*What to work on*:
Every line below needs to be transcribed without alteration, and no image may be carried over.

*Material provided*:
- - - -
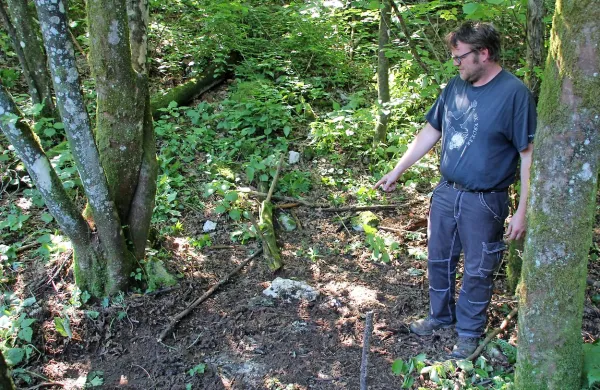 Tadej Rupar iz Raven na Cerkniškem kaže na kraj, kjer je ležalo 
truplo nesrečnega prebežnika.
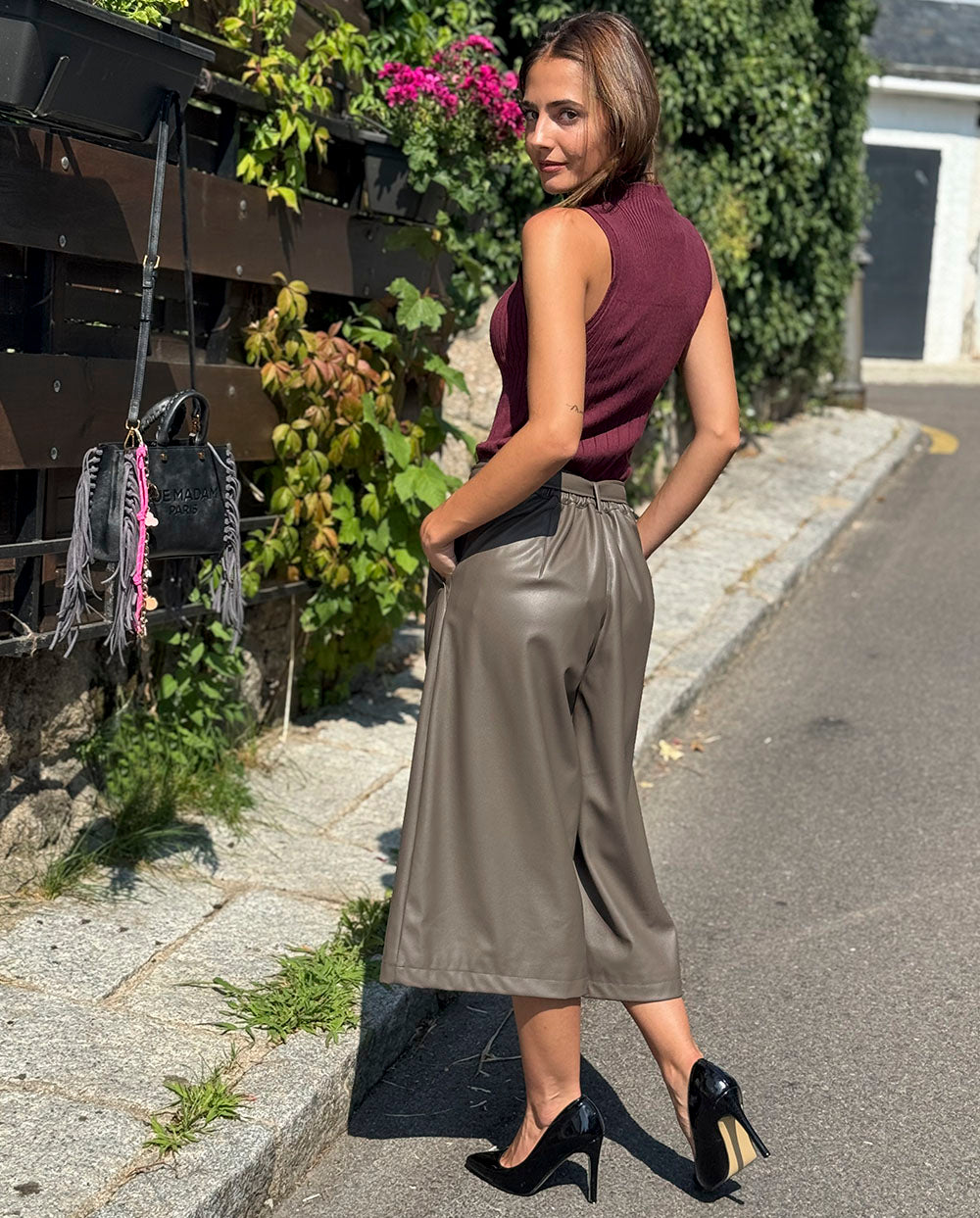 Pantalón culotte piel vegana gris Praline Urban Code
- - - -
*Answer space*:
 Tadej Rupar iz Raven na Cerkniškem kaže na kraj, kjer je ležalo 
truplo nesrečnega prebežnika.
 Pantalón culotte piel vegana gris Praline Urban Code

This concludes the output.